Stadteingang Nord in Offenburg

Blick der Okenstraße gen Innenstadt

Blick der Okenstraße gen Innenstadt

ein 1. Preis

Preisgeld: 23.750 EUR

sacker

Stadtplanung / Städtebau, Architektur

faktorgruen

Landschaftsarchitektur

Erläuterungstext

Städtebau und Freianlagen
Der städtebauliche Entwurf für den Stadteingang Nord in Offenburg gliedert das Grundstück südlich des neugeplanten Bundespolizeigebäudes in drei Baufelder. Die südlichen Baufelder bestehen jeweils aus zwei Baukörpern, die je einen Innenhof umschließen. Das dritte Baufeld wird als Mobilitätsspeicher zur Unterbringung des ruhenden Verkehrs genutzt und befindet sich im nördlichen Bereich des Grundstückes. Durch diese dreiteilige Gliederung entsteht ein angemessener städtebaulicher Maßstab, der das Bundespolizeigebäude integriert. Das Grundstück selbst wird durch die Bundesstraße / Okenstraße um Westen und die Maria-und-Georg-Dietrich-Straße im Osten sowie die neue Planstraße im Norden begrenzt. Im Bereich der Okenstraße werden Fuß-, und Radweg entlang der Grundstücksgrenze weitergeführt. Die Bushaltestelle wird im nördlichen Teil des Grundstücks angrenzend zum Mobilitätsspeicher vorgesehen, so dass hier die Möglichkeit besteht auf kürzestem Wege das Verkehrsmittel zu wechseln. Die Baukörper sind so platziert, dass eine Realisierung der Nordquerung zu einem späteren Zeitpunkt möglich ist.

Die Gebäudekante der Bundespolizei entlang der Bundestraße wird zur maßgeblichen Bauflucht für die weitere Bebauung. Die straßenbegleitenden Grünzüge im Westen und Süden des Grundstückes werden weitergeführt und bilden eine attraktive Vorzone zu den Gebäuden. Die Hofstruktur der Bebauung bildet hierbei die städtebauliche Reaktion auf das hohe Verkehrsaufkommen auf beiden Längsseiten des Baufeldes und die unmittelbare Nähe der Gleise. Die überwiegend fünfgeschossige Bebauung orientiert sich an der Höhenvorgabe des Neubaus der Bundespolizei und stuft sich zu den Innenhöfen hin ab.
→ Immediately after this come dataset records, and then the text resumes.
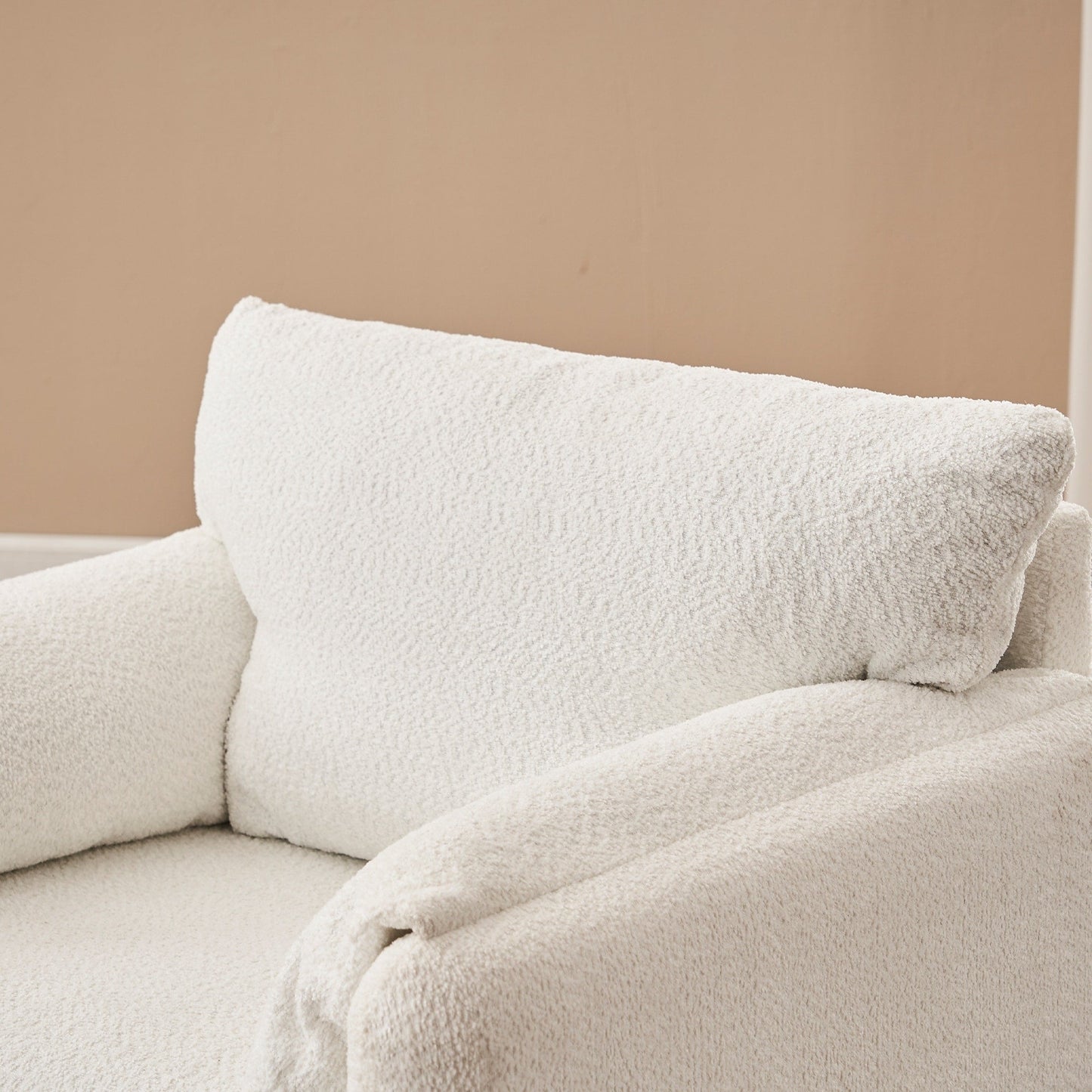 GDFStudio - Divano Chloe Comfy Chenille - Set di divani imbottiti moderni
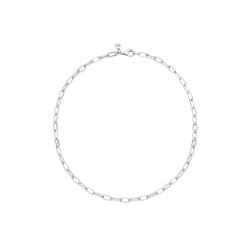 Kurze Gliederkette Sterlingsilber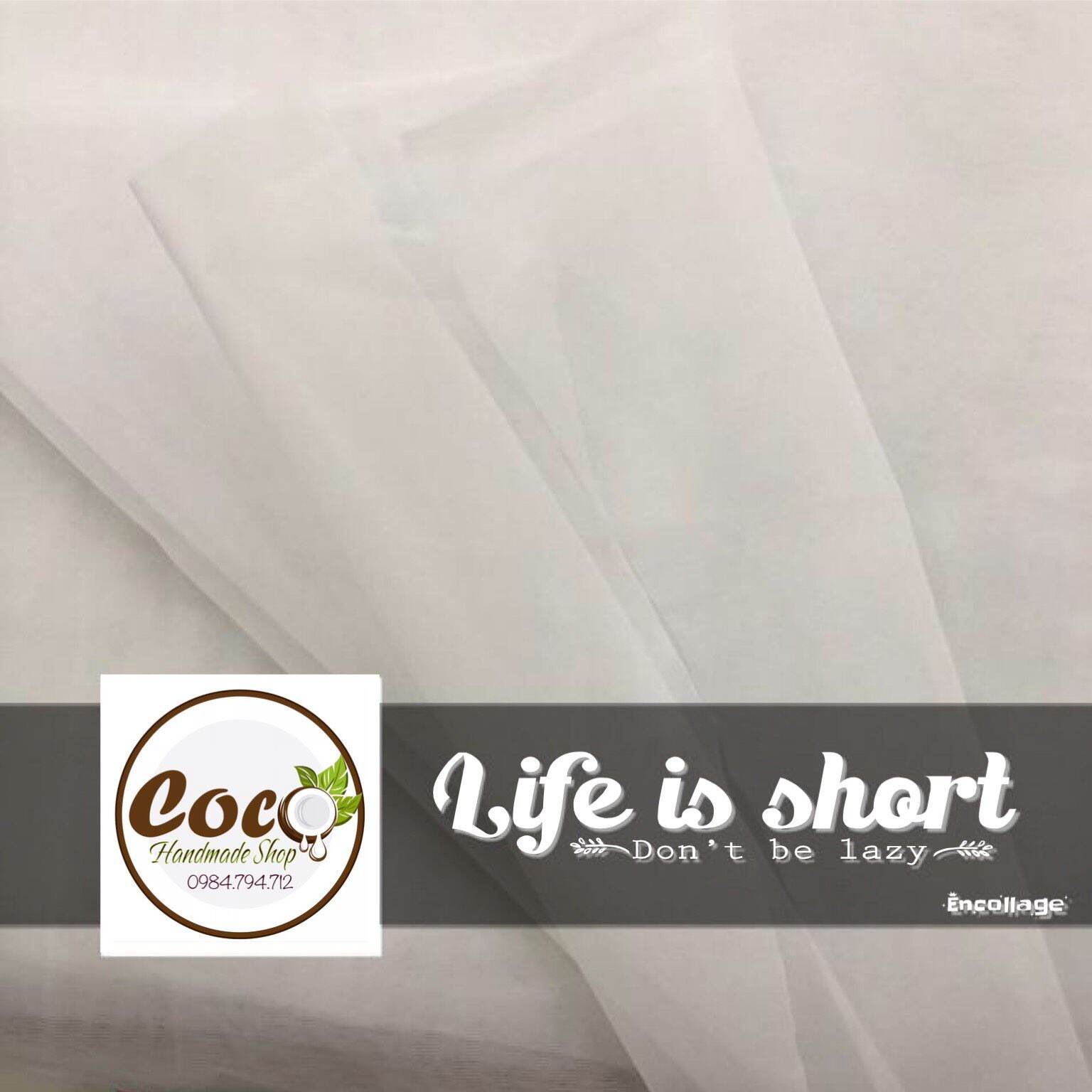 Vải Voan Làm Bó Hoa Cưới Hạt Trại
Das südliche Baufeld formuliert den Auftakt zur Innenstadt und den nördlichen Stadteingang nach Offenburg über einen Hochpunkt. Das zwölfgeschossige Gebäude bildet einen baulichen Schwerpunkt an der Kreuzung Okenstraße / Maria-Georg-Dietrich-Straße räumlich und markiert den westlichen Fußpunkt der geplanten Nordquerung. Durch ein Zurückspringen aus der Bauflucht erhält das Hochhaus einen angemessenen Vorplatz, der durch eine öffentliche Nutzung im Erdgeschoss belebt wird. Das oberste Geschoss des Turmes reiht sich durch seinen einprägsamen Dachabschluss markant in die Offenburger Stadtsilhouette ein.

Alle Gebäude besitzen eine klare Adressbildung zum jeweils angrenzenden Straßenraum. Das Treppenhaus ermöglicht auch einen Zugang zum Innenhof für jeden Nutzer des Areals. Die Zufahrt zum Mobilitätsspeicher erfolgt von der Maria-und-Georg-Dietrich-Straße.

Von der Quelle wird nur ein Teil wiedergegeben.